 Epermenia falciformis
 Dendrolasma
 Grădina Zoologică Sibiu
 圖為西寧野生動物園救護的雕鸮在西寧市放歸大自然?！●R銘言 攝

▶ **EXERCISE DESCRIPTION**
A faithful, word-for-word transcript of the material above is the required answer.

▶ **FINISHED EXERCISE**
 Epermenia falciformis
 Dendrolasma
 Grădina Zoologică Sibiu
 圖為西寧野生動物園救護的雕鸮在西寧市放歸大自然?！●R銘言 攝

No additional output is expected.